Recently, the term “cultural genocide” has been used to decry current global conflicts. This phrase could also be applied to the Great Famine of Ireland (1845–1852), a catastrophe that claimed the lives of more than a million people, displaced another million, and drastically reduced its population. While nobody wants to relive past tragic humanitarian crises, it is important to be informed about them so that they are never repeated. In the Lion’s Den: Daniel Macdonald, Ireland and Empire at the Ireland’s Great Hunger Museum—the only museum to focus on the Famine in the United States—depicts life in Ireland during that watershed period.

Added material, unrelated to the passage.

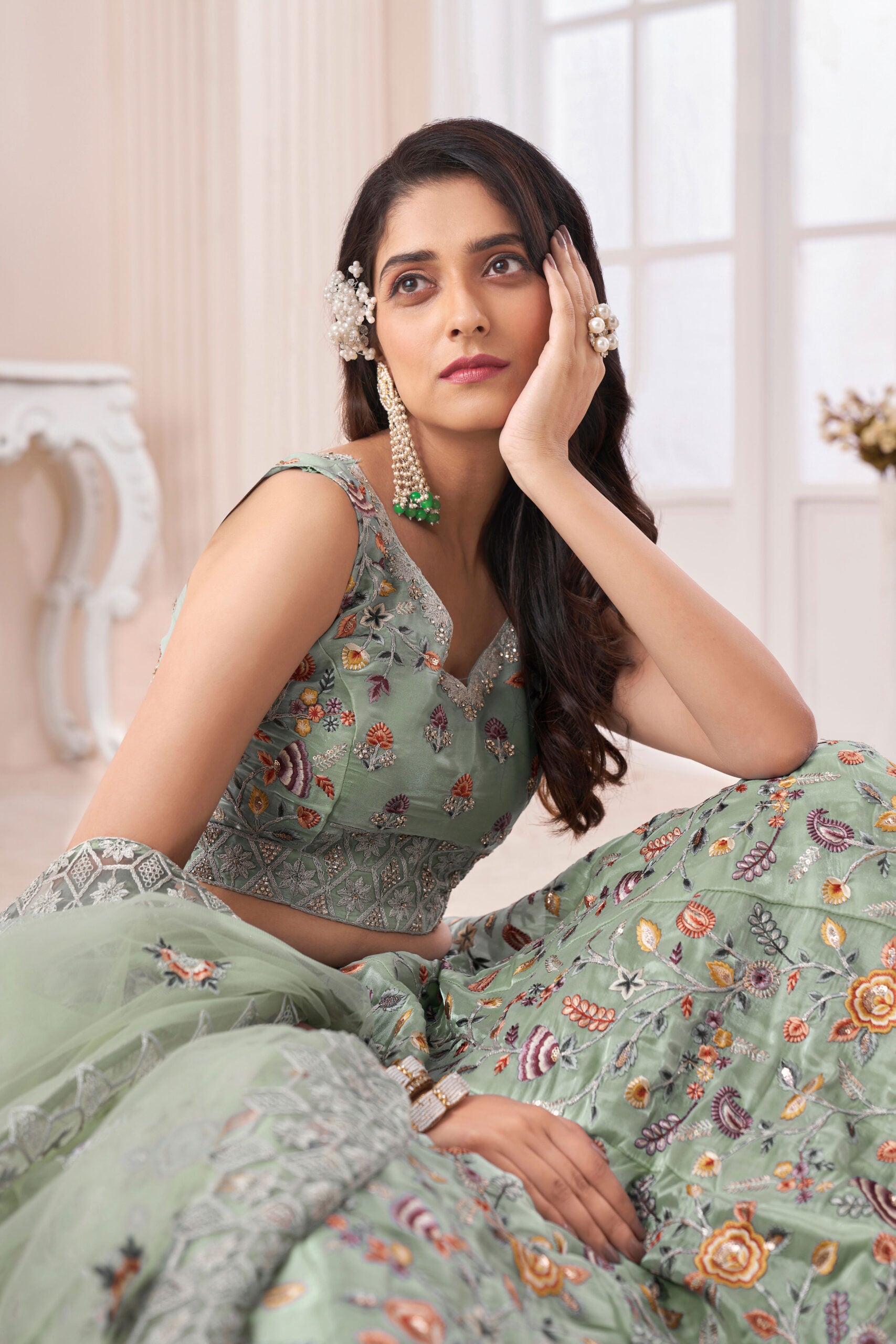 New Sea Green Art Silk Zarkhan Work Lehengha Choli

On loan from public and private collections in Ireland, the exhibit comprises 21 paintings and pen and ink drawings by Daniel Macdonald (1821–1853). This is the first time American audiences can view a comprehensive exhibition of works by one of the few 19th-century artists to focus attention on the Great Famine. Although largely overshadowed by his contemporaries, Macdonald holds the distinction of having executed the only known painting that directly deals with the subject during the famine itself. The centerpiece of the exhibition, An Irish Peasant Family Discovering the Blight of their Store, portrays the moment of hopelessness when a family realizes they have little food left. Macdonald was only 27 when he completed this work—he tragically died at age 32.
A keen observer of everyday life in Ireland, Macdonald depicts scenes of folklore, superstition, country life and local sport with a combination of idealism and dead-pan irony. As the Famine overtook his country, the verve and farce in his work turns to outrage. Themes of desperation—appalling living conditions, evictions by landlords, and rural violence—decry the inhumanity and degradation of his culture.
In the Lion’s Den is a show of contrasts, spirited windows into a distant past with rites and rituals and a uniquely Irish way of life that was tragically overrun by calamity. These works are foreign yet familiar as the story of Ireland’s “cultural genocide” has been woven into the fabric of America’s heritage.